Minha pequena discussão com Gizelly flutuou na minha cabeça durante todo o dia. Durante as aulas eu focava nos passos e coreografias para o festival, mas nos intervalos os olhos castanhos inundavam minha mente. Eu não tinha sido justa com ela, claro que fazia todo o sentido ela arrumar um quarto para o Léo na casa dele, mas às vezes ainda era estranho dividir o meu filho com outra pessoa. Mesmo que eu amasse essa pessoa. Talvez minha resistência fosse ainda maior porque um quarto lá e nosso possível término significava que ela não teria que passar tempo algum comigo. Era difícil ver uma vida sem Gizelly daqui para frente.
Cheguei em casa já depois do jantar. Eu estava cansada, física e mentalmente. Encontrei dona Márcia na sala com Léo em seu colo, Alessia de um lado e Sofia do outro, todos concentrados em um filme na televisão. Parei para dar um beijo em cada um dos pequenos e aproveitei para perguntar sobre a Gi. Sua mãe me informou que ela estava enfurnada nos quartos a tarde inteira. A encontrei no quarto de hóspedes, medindo as paredes enquanto equilibrava um notebook no berço de montar onde Léo estava dormindo.

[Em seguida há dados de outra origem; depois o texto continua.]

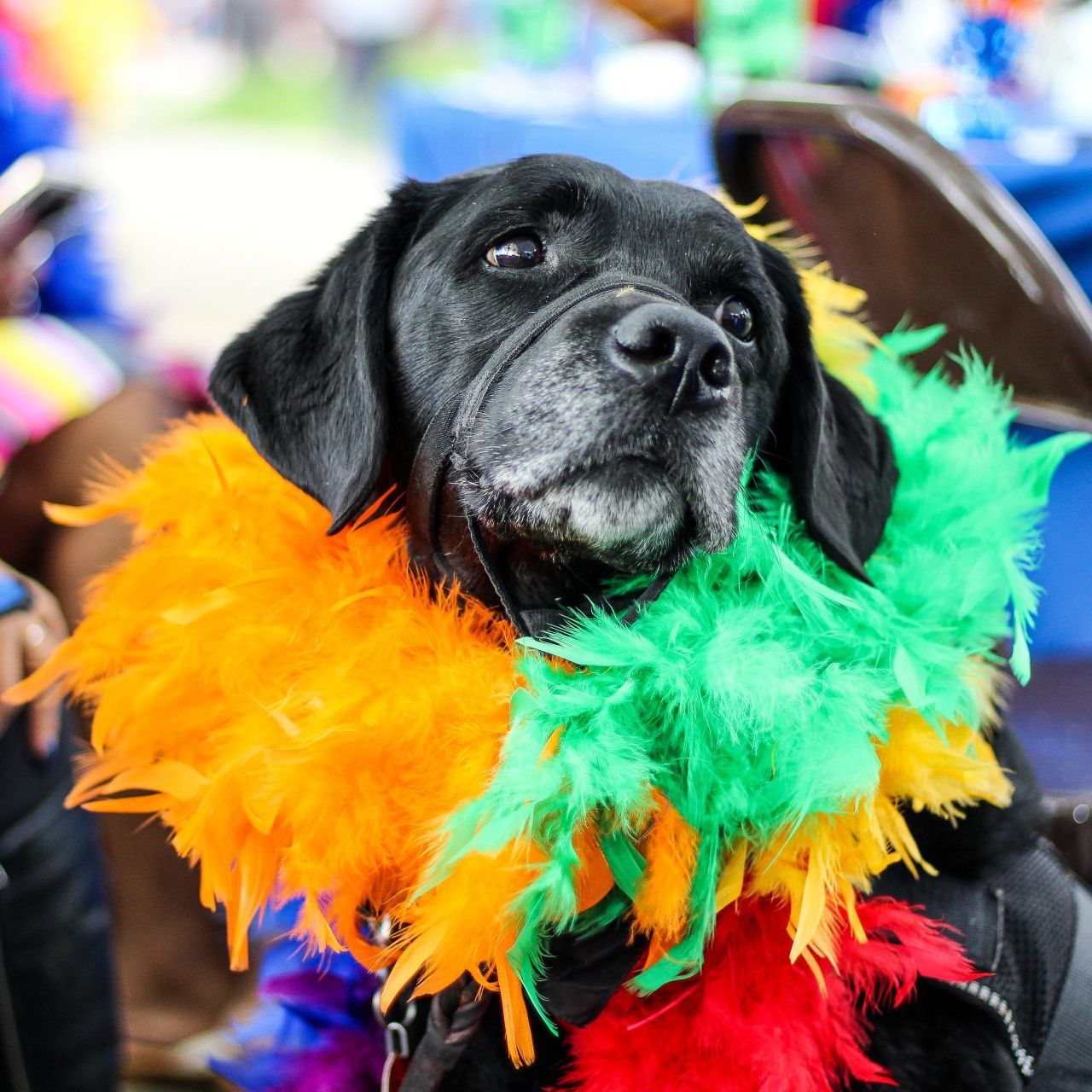 A black dog wearing a colorful feather boa around its neck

- Precisa de ajuda? - ela me olhou por alguns segundos depois de se assustar com a chegada repentina, ela estava chateada, era um fato. Acenando um "não" ela se voltou para o trabalho, mas eu entrei assim mesmo, pegando em minhas mãos o computador que parecia prestes a cair. Ela não me olhou, nem por um segundo e eu consegui ver seus olhos brilhando com lágrimas - Me desculpa Gi, desculpa mesmo. Faz mais do que sentido o Léo ter um quarto aqui. Eu estava irritada e...eu falei sem pensar.

- Eu não queria fazer isso sem o seu apoio.

- Não vai, vamos em frente. Eu tô aqui. - ela sorriu e me deu um beijo leve nos lábios.

- Posso te mostrar minha ideias?

- Claro. 


Ela pegou a minha mão, um sorriso ocupando todo o seu rosto. Sentamos nas cadeiras do escritório enquanto ela me mostrava diversas fotos de quartos de bebê que ela tinha salvado, falando o que tinha amado mais em cada um e como poderíamos fazer aquela obra toda sem quebrar nada. Era tudo muito lindo, assim como o brilho no seu olhar enquanto ela falava sobre tudo que já tinha pensado, sempre me perguntando se eu gostava ou não. Se o Léo gostaria. Combinamos que esse seria um projeto nosso e decidiríamos cada etapa juntas. Talvez eu só precisasse mesmo de um pouco paciência. Era só um buraco na estrada, não o fim dela.